Auxiliary columns are marked with a "+" symbol before the column
name. Auxiliary columns must come after all of the coordinate
boundary columns. There is a limit of no more than 100 auxiliary
columns. The following example shows an r-tree table with auxiliary
columns that is equivalent to the two tables "demo_index" and
"demo_data" above:
CREATE VIRTUAL TABLE demo_index2 USING rtree(
id, -- Integer primary key
minX, maxX, -- Minimum and maximum X coordinate
minY, maxY, -- Minimum and maximum Y coordinate
+objname TEXT, -- name of the object
+objtype TEXT, -- object type
+boundary BLOB -- detailed boundary of object
);
By combining location data and related information into the same
table, auxiliary columns can provide a cleaner model and reduce the
need to joins. For example, the earlier join between demo_index and
demo_data can now be written as a simple query, like this:
SELECT objname FROM demo_index2
WHERE contained_in(boundary, :boundary)
AND minX>=-81.0 AND maxX<=-79.6
AND minY>=35.0 AND maxY>=36.2;
4.1.1. Limitations
For auxiliary columns, only the name of the column matters. The type
affinity is ignored. Constraints such as NOT NULL, UNIQUE,
REFERENCES, or CHECK are also ignored. However, future versions of
SQLite might start paying attention to the type affinity and
constraints, so users of auxiliary columns are advised to leave both
blank, to avoid future compatibility problems.
5. Integer-Valued R-Trees
The default virtual table ("rtree") normally stores coordinates as
single-precision (4-byte) floating point numbers. If integer
coordinates are desired, declare the table using "rtree_i32" instead:
CREATE VIRTUAL TABLE intrtree USING rtree_i32(id,x0,x1,y0,y1,z0,z1);
An rtree_i32 stores coordinates as 32-bit signed integers. But it
still using floating point computations internally as part of the
r-tree algorithm.
6. Custom R-Tree Queries
By using standard SQL expressions in the WHERE clause of a SELECT
query, a programmer can query for all R*Tree entries that intersect
with or are contained within a particular bounding-box. Custom R*Tree
queries, using the MATCH operator in the WHERE clause of a SELECT,
allow the programmer to query for the set of R*Tree entries that
intersect any arbitrary region or shape, not just a box. This
capability is useful, for example, in computing the subset of objects
in the R*Tree that are visible from a camera positioned in 3-D space.

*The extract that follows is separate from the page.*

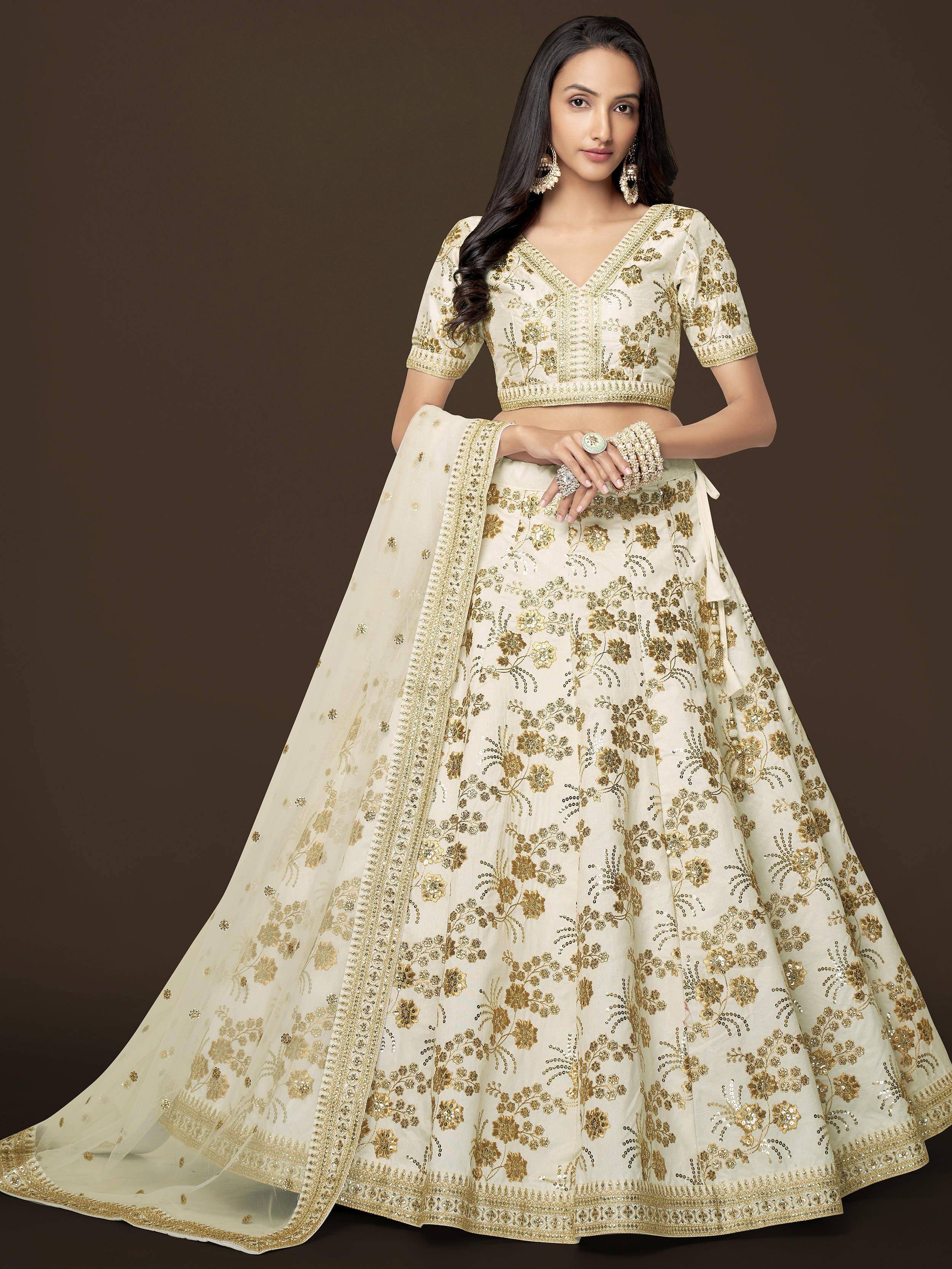 Cream and gold embroidered lehenga choli with floral zari work, perfect for Indian weddings and festive occasions.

Regions for custom R*Tree queries are defined by R*Tree geometry
callbacks implemented by the application and registered with SQLite
via a call to one of the following two APIs:
int sqlite3_rtree_query_callback(
sqlite3 *db,
const char *zQueryFunc,
int (*xQueryFunc)(sqlite3_rtree_query_info*),
void *pContext,
void (*xDestructor)(void*)
);
int sqlite3_rtree_geometry_callback(
sqlite3 *db,
const char *zGeom,
int (*xGeom)(sqlite3_rtree_geometry *, int nCoord, double *aCoord, int *pRes),
void *pContext
);
The sqlite3_rtree_query_callback() became available with SQLite
version 3.8.5 (2014-06-04) and is the preferred interface. The
sqlite3_rtree_geometry_callback() is an older and less flexible
interface that is supported for backwards compatibility.

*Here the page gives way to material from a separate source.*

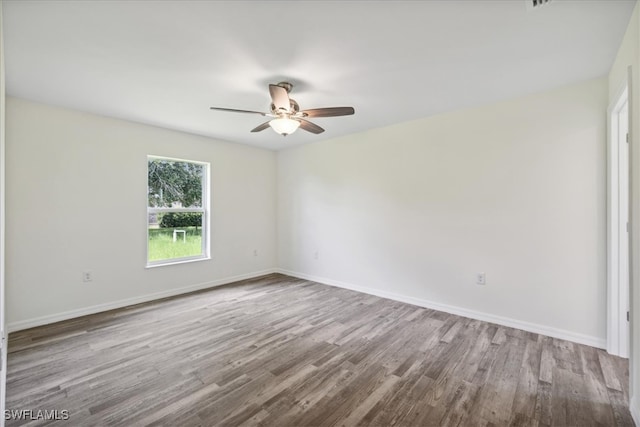 unfurnished room featuring light hardwood / wood-style floors and ceiling fan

A call to one of the above APIs creates a new SQL function named by
the second parameter (zQueryFunc or zGeom). When that SQL function
appears on the right-hand side of the MATCH operator and the
left-hand side of the MATCH operator is any column in the R*Tree
virtual table, then the callback defined by the third argument
(xQueryFunc or xGeom) is invoked to determine if a particular object
or subtree overlaps the desired region.
For example, a query like the following might be used to find all
R*Tree entries that overlap with a circle centered a 45.3,22.9 with a
radius of 5.0:
SELECT id FROM demo_index WHERE id MATCH circle(45.3, 22.9, 5.0)
The SQL syntax for custom queries is the same regardless of which
interface, sqlite3_rtree_geometry_callback() or
sqlite3_rtree_query_callback(), is used to register the SQL function.

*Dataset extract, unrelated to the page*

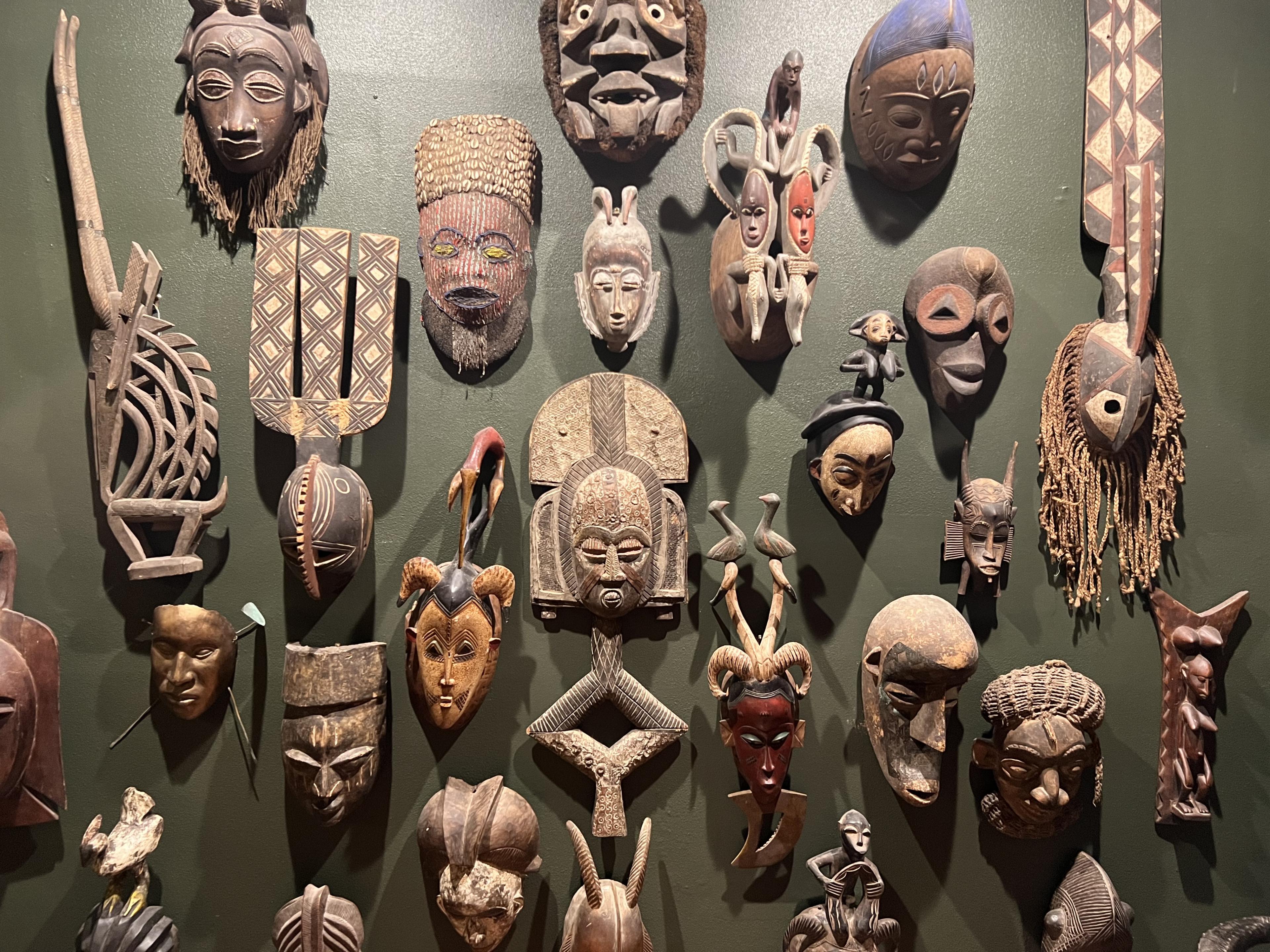 african wooden face masks hanging on green wall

However, the newer query-style callbacks give the application greater
control over how the query proceeds.
6.1. The Legacy xGeom Callback
The legacy xGeom callback is invoked with four arguments. The first
argument is a pointer to an sqlite3_rtree_geometry structure which
provides information about how the SQL function was invoked. The
second argument is the number of coordinates in each r-tree entry,
and is always the same for any given R*Tree. The number of
coordinates is 2 for a 1-dimensional R*Tree, 4 for a 2-dimensional
R*Tree, 6 for a 3-dimensional R*Tree, and so forth. The third
argument, aCoord[], is an array of nCoord coordinates that defines a
bounding box to be tested. The last argument is a pointer into which
the callback result should be written. The result is zero if the
bounding-box defined by aCoord[] is completely outside the region
defined by the xGeom callback and the result is non-zero if the
bounding-box is inside or overlaps with the xGeom region. The xGeom
callback should normally return SQLITE_OK. If xGeom returns anything
other than SQLITE_OK, then the r-tree query will abort with an error.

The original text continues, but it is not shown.